Wild boar. Wild pheasant. Wild everything.
That’s what waits for the roughly 1,000 people expected to descend this Friday (Dec. 11) from 11 a.m. to 4 p.m., on Manteca Trailer and Camper at East Yosemite and Vasconcellos avenues for the annual Costa’s Wild Game Feed & Holiday Benefit Party.
For the last 32 years, brothers Jim and Jesse Costa have been keeping a family tradition of feeding their friends and family and helping the less fortunate in the process alive and well – growing what started as a small gathering to benefit an employee of the Costa’s Automotive Machine into an annual event that draws people from all over the Western United States.
And yes, they come from far and wide to sample the offerings that local hunters set aside for what has become their version of Christmas.
But what exactly is the Costa’s Christmas Party and Wild Game Feed?
According to the brothers, the event started when their father, who founded the machine shop that bears their name, decided to fix up some bicycles for an employee who had eight children and recently lost his wife.

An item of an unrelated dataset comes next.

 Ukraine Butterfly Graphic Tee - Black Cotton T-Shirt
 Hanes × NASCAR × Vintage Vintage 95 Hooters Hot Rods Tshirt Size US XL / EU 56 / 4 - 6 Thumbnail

Rather than sticking with a traditional turkey or ham or a slab of standing rib roast, the family looked into their freezer for the wild game that they – as avid sportsmen – had accumulated over the previous year.
They pooled money together and bought toys, and turned what was a heartbreaking situation for one close employee into a time for joy and happiness.
They didn’t stop there.
Over the ensuing years the gathering grew as friends and family members and fellow sportsmen started making the feed something that they look forward to every year.
The event grew so much over the years that they’ve had to change locations multiple times – eventually moving into the then-new Manteca Trailer complex on East Yosemite Avenue where they will gather on Friday.
There is no cost involved with coming down and having a plate of something unique – whether it’s a bear burger or some abaolone that a seasoned diver hand-picked off of the rocky California coastline. The organizers just ask for a small donation that they then relay to charities to help the less fortunate in the community – an aspect that grew right along with the event and now has a committee that determines which organizations in the community will get the lot of the money that’s raised every year.
Last year, according to Jesse Costa, the event raised just over $12,000.
What makes the feed especially unique is the dedication of the volunteers who come and keep it running as hundreds over the course of the day filter through and enjoy the feast.
Many of the hunters will start prepping their food earlier in the week to make sure it’s ready. A small but dedicated crew will arrive late Thursday night to start setting up the barbecues and the tow trailers to create a cooking community that has thrived over the years. Even when the temperature dips below freezing, this group is out there making sure that there’s enough food for the masses – whether that’s sausage or steaks or meatballs or deep-fried goodies that get gobbled up within minutes.
Several years ago I took a dedicated day off of work to go down and enjoy the party – spending most of the time huddled around the hot barbecue as a who’s who of the community filtered through to take up conversation and enjoy a few libations – or more than a few in some cases – to keep the mood festive.
The first time I was attended was when the event was still held at Vern’s Towing – a stone’s throw from the machine shop – and was thrilled to find a local man was cooking and serving fresh carnitas with all of the taco fixings neatly laid out on a table. Those are still the best tacos that I’ve ever had.
It doesn’t matter whether you’re a doctor or a lawyer, a construction worker or a cement layer – everybody that shows up is equal amongst one another and all tirelessly work together to make sure that the people who mark their calendars walk away with full bellies in order to make sure that the donation bin, which sits near the front entrance for all who walk in, stays just as full.
If you’ve never been then it’s something that I recommend trying at least once. Even if you’ve never been a fan of wild game, you’ve probably never had it cooked by people who actually know how to turn something that would turn most people off into a delicacy.
I know guys that started hunting after eating there because they were so impressed with what they tasted. I know others that made it a point to donate additional money every year to keep it going.
Everything typically kicks off just after 11 a.m. and continues to 4 p.m. – drawing diners throughout that span.
Whole city work crews show up in mass to get their plate.
And if you don’t then you’re missing out.